[Crawled caption data]
====
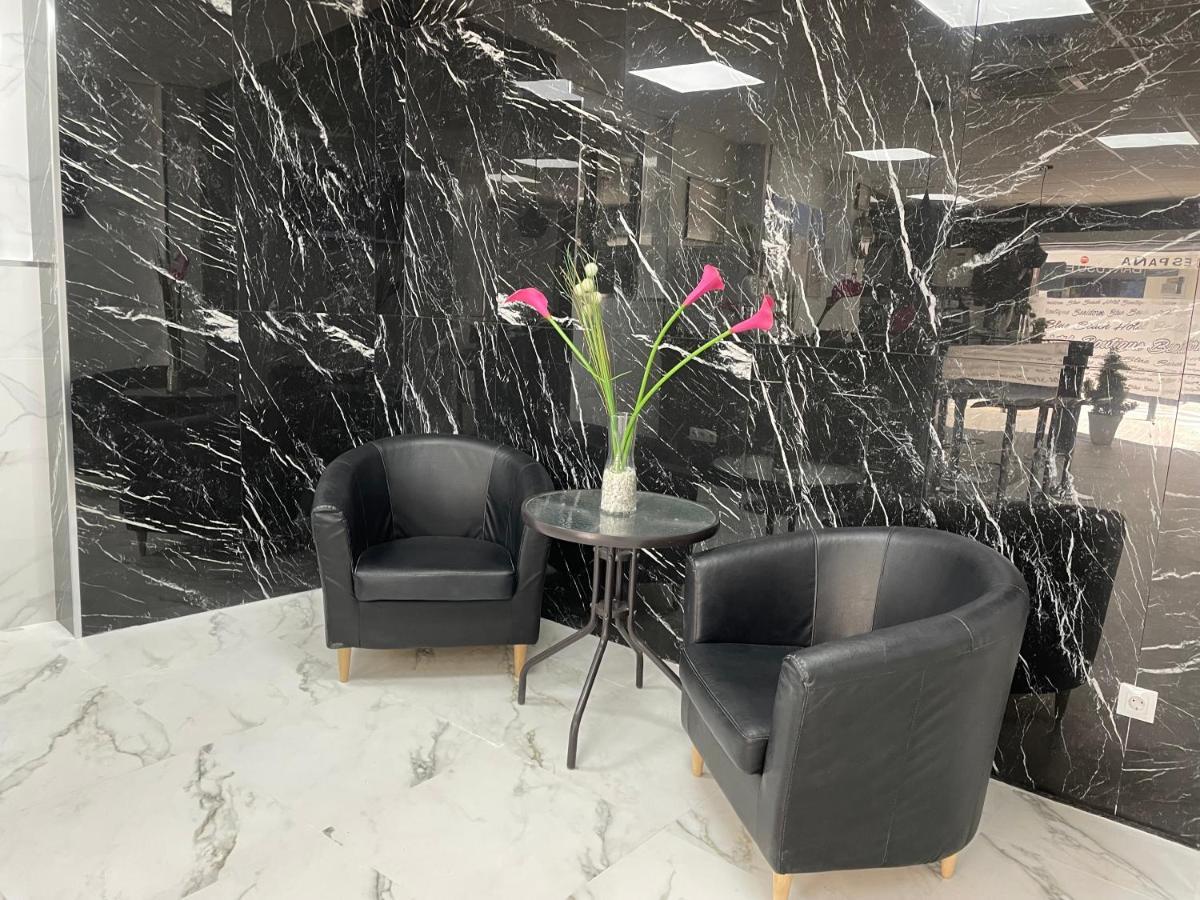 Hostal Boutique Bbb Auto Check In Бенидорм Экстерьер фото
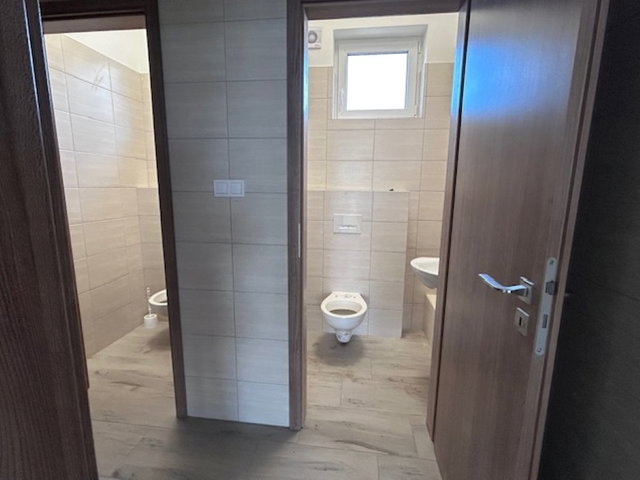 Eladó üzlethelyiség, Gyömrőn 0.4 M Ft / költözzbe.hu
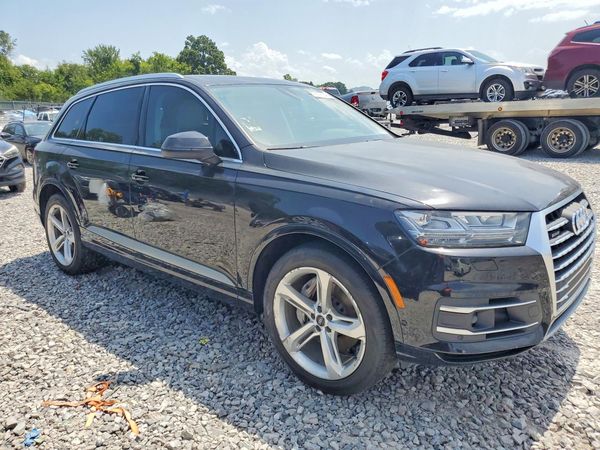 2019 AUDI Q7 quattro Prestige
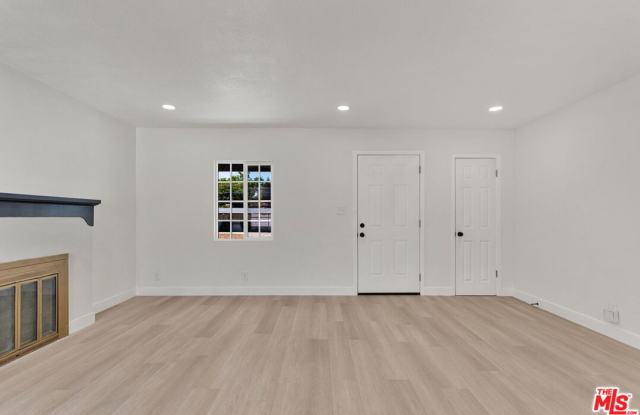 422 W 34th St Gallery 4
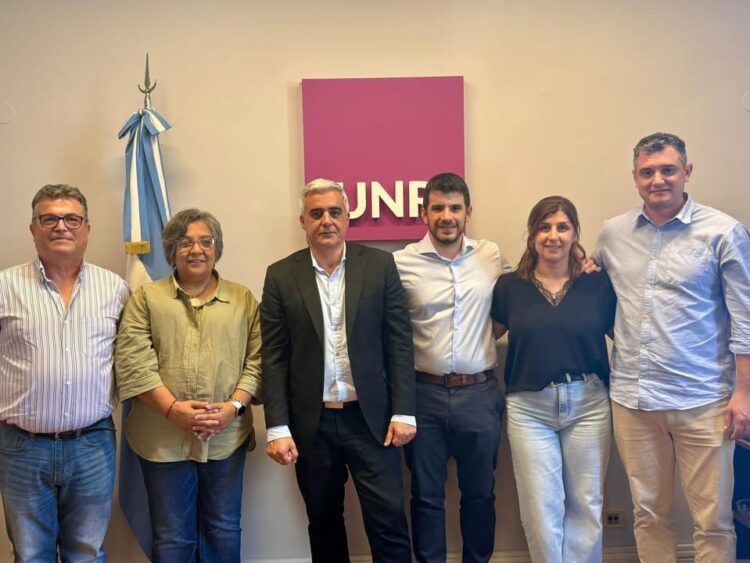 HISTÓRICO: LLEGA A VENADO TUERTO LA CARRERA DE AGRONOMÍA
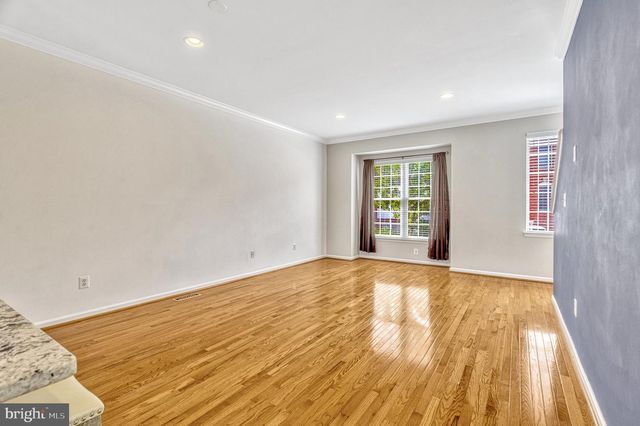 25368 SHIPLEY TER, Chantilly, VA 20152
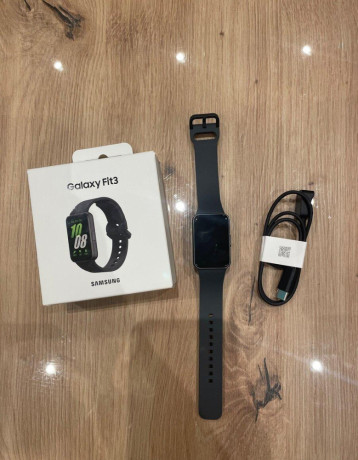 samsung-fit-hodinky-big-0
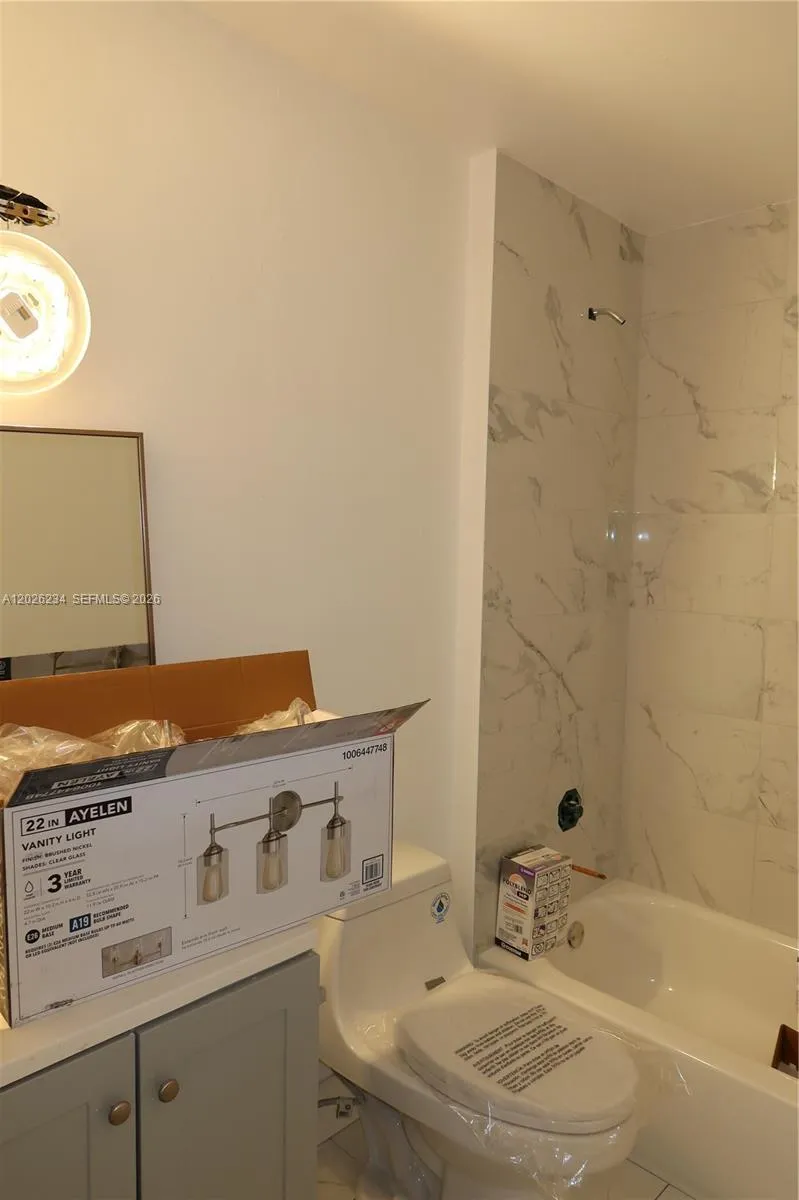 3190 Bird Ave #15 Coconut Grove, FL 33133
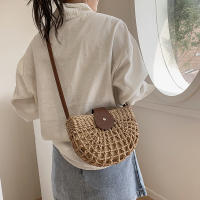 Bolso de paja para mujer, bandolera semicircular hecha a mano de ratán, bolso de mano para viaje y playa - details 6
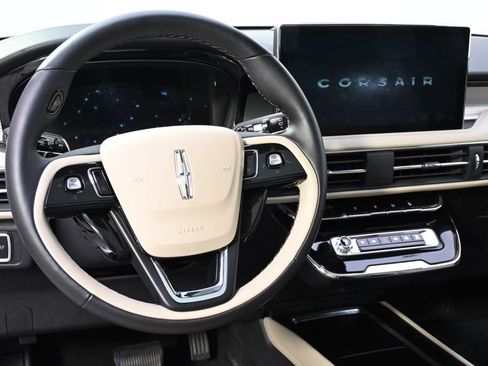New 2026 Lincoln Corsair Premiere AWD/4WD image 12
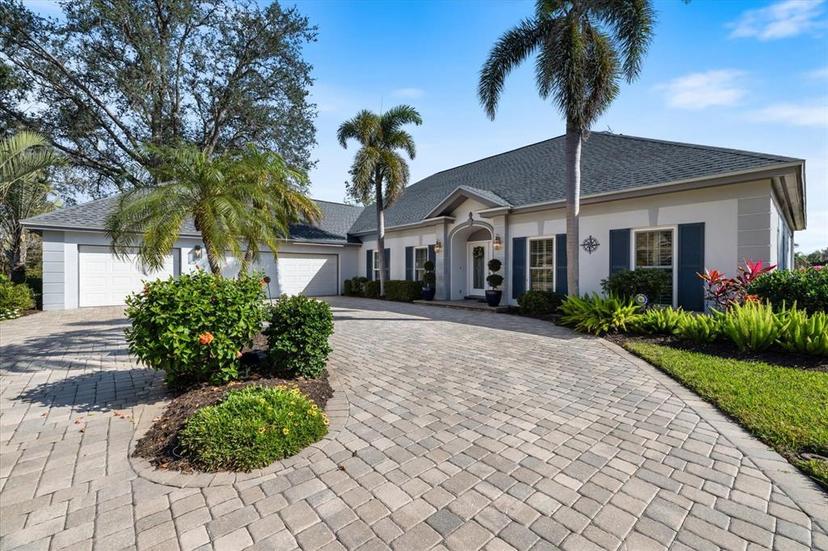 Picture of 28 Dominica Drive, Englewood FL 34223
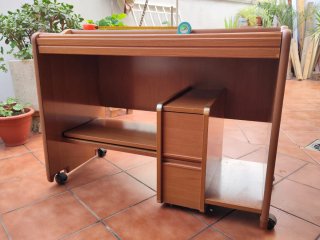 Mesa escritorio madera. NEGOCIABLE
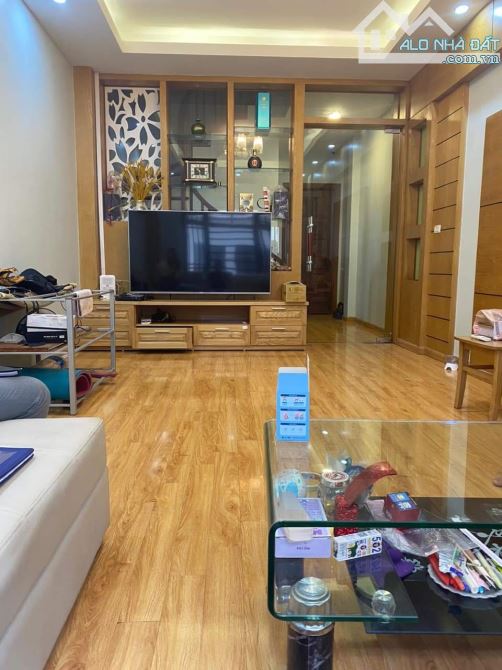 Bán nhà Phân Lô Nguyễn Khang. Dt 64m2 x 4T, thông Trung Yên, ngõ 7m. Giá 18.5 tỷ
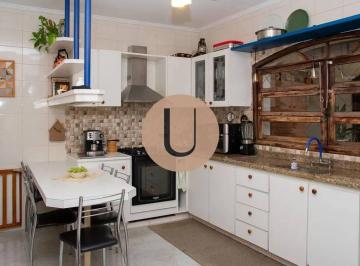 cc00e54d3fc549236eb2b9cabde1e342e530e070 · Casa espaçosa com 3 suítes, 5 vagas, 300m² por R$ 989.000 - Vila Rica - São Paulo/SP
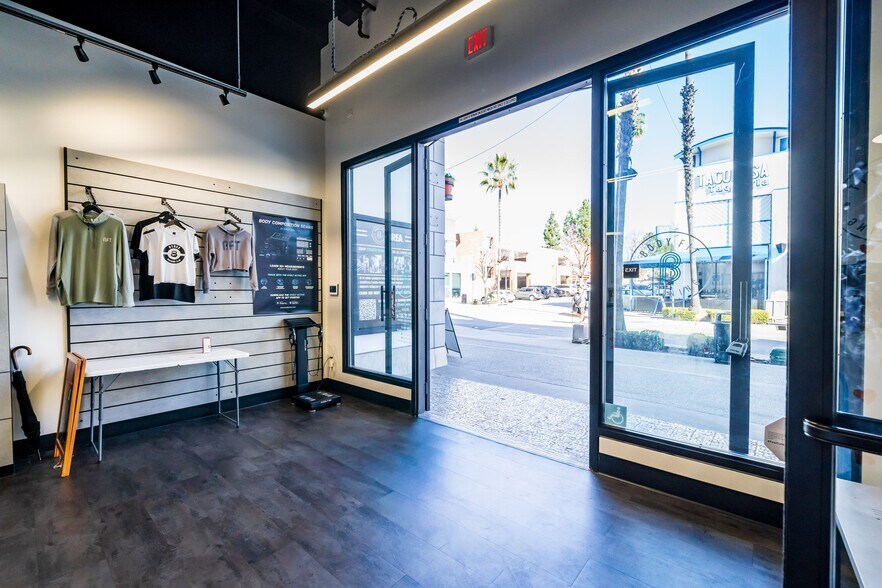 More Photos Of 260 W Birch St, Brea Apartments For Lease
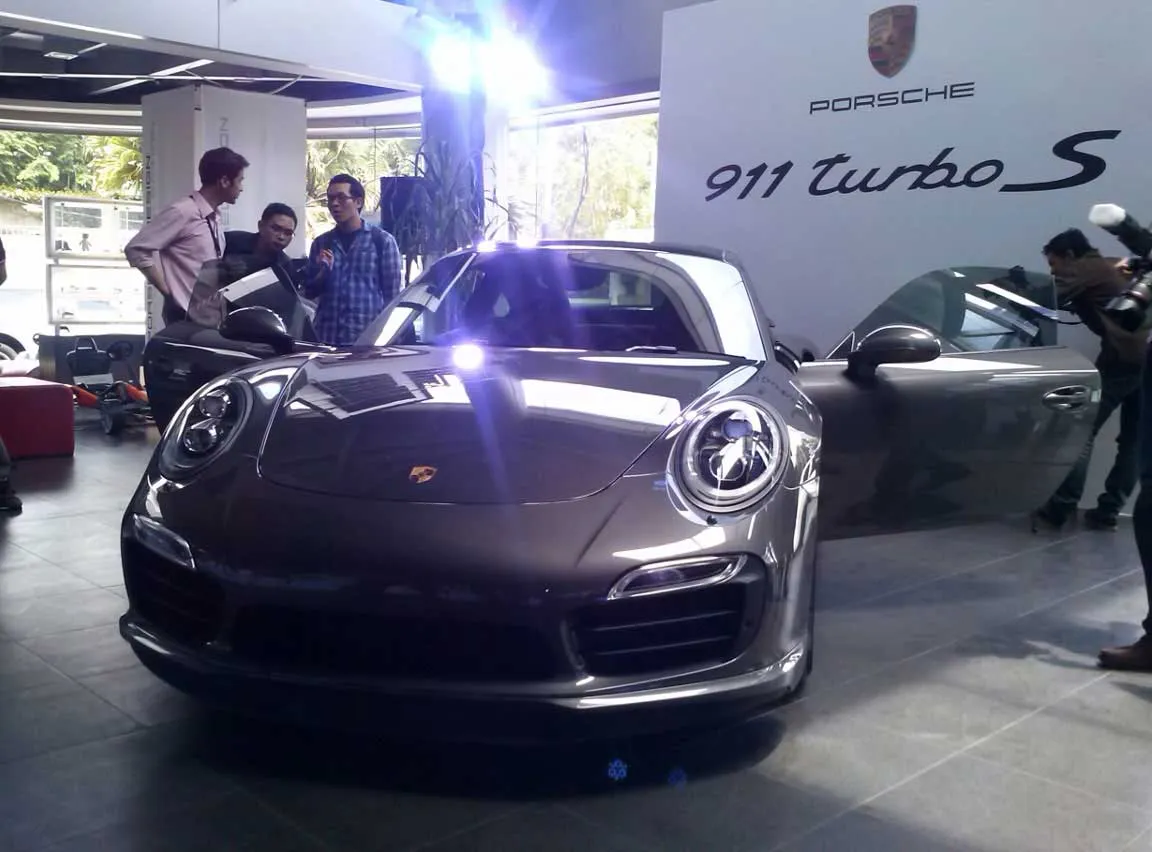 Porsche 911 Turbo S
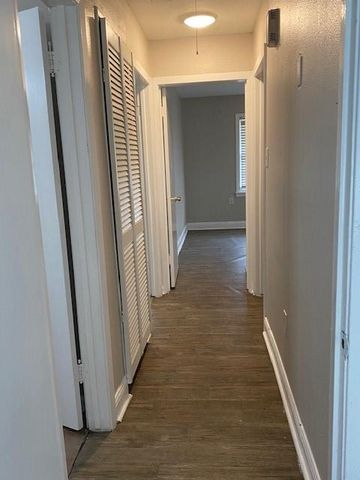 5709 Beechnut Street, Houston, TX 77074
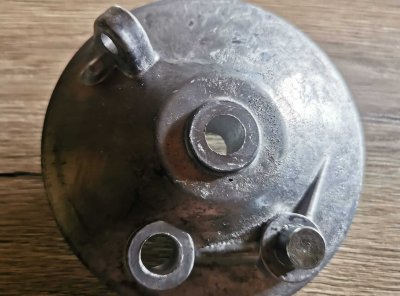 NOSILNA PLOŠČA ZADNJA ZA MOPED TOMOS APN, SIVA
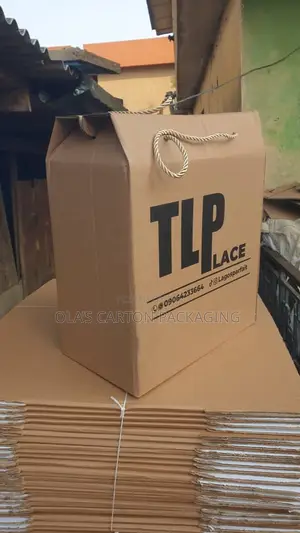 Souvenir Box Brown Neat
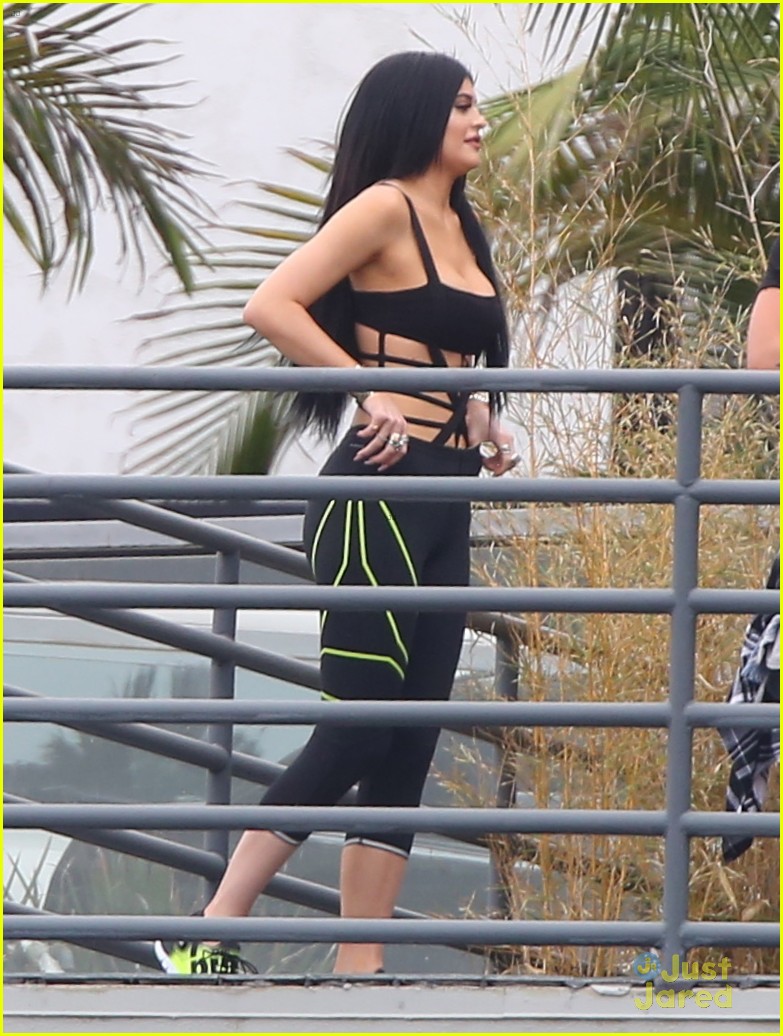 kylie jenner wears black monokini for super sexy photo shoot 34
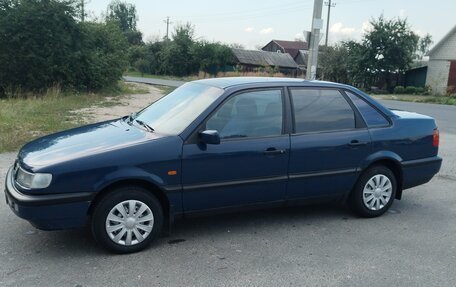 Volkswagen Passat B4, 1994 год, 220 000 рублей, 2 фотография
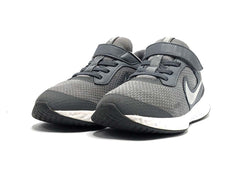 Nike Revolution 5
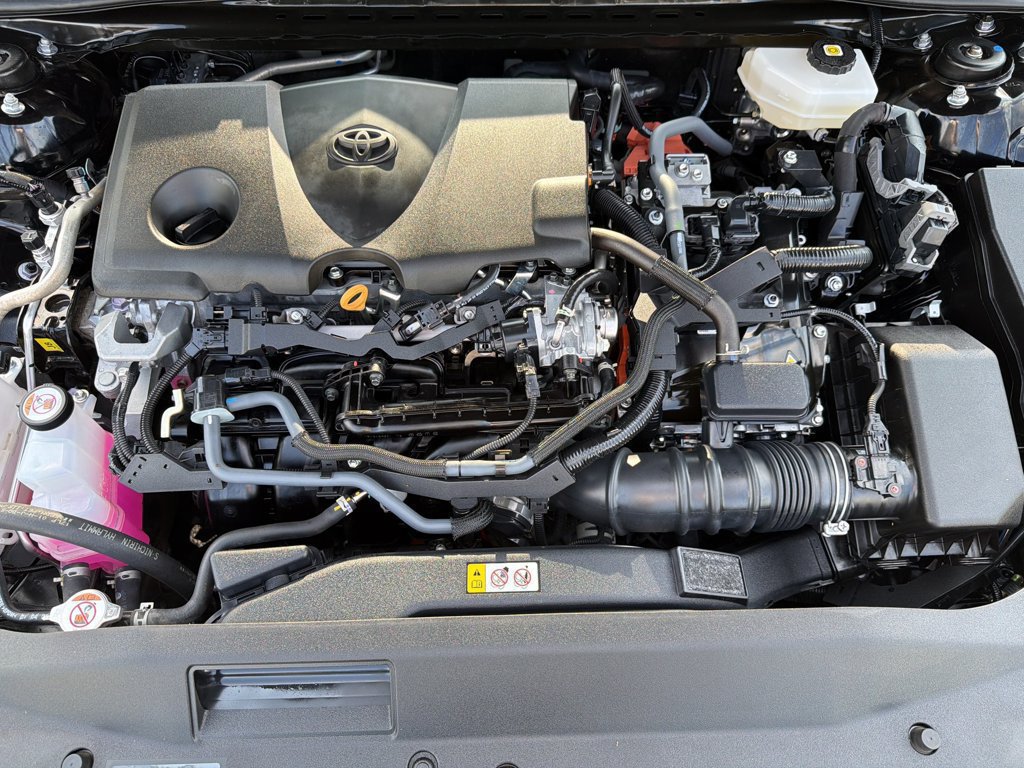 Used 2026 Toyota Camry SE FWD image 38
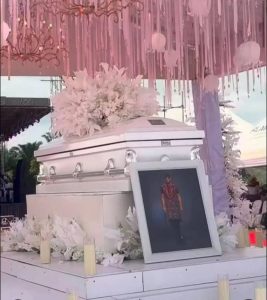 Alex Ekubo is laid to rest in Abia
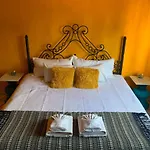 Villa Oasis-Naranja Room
====
◆ TASK DETAILS ◆
Repeat the data exactly in full, omitting its pictures.

◆ EXERCISE ANSWER ◆
 Hostal Boutique Bbb Auto Check In Бенидорм Экстерьер фото
 Eladó üzlethelyiség, Gyömrőn 0.4 M Ft / költözzbe.hu
 2019 AUDI Q7 quattro Prestige
 422 W 34th St Gallery 4
 HISTÓRICO: LLEGA A VENADO TUERTO LA CARRERA DE AGRONOMÍA
 25368 SHIPLEY TER, Chantilly, VA 20152
 samsung-fit-hodinky-big-0
 3190 Bird Ave #15 Coconut Grove, FL 33133
 Bolso de paja para mujer, bandolera semicircular hecha a mano de ratán, bolso de mano para viaje y playa - details 6
New 2026 Lincoln Corsair Premiere AWD/4WD image 12
 Picture of 28 Dominica Drive, Englewood FL 34223
 Mesa escritorio madera. NEGOCIABLE
 Bán nhà Phân Lô Nguyễn Khang. Dt 64m2 x 4T, thông Trung Yên, ngõ 7m. Giá 18.5 tỷ
 cc00e54d3fc549236eb2b9cabde1e342e530e070 · Casa espaçosa com 3 suítes, 5 vagas, 300m² por R$ 989.000 - Vila Rica - São Paulo/SP
 More Photos Of 260 W Birch St, Brea Apartments For Lease
 Porsche 911 Turbo S
 5709 Beechnut Street, Houston, TX 77074
 NOSILNA PLOŠČA ZADNJA ZA MOPED TOMOS APN, SIVA
 Souvenir Box Brown Neat
 kylie jenner wears black monokini for super sexy photo shoot 34
 Volkswagen Passat B4, 1994 год, 220 000 рублей, 2 фотография
 Nike Revolution 5
 Used 2026 Toyota Camry SE FWD image 38
 Alex Ekubo is laid to rest in Abia
 Villa Oasis-Naranja Room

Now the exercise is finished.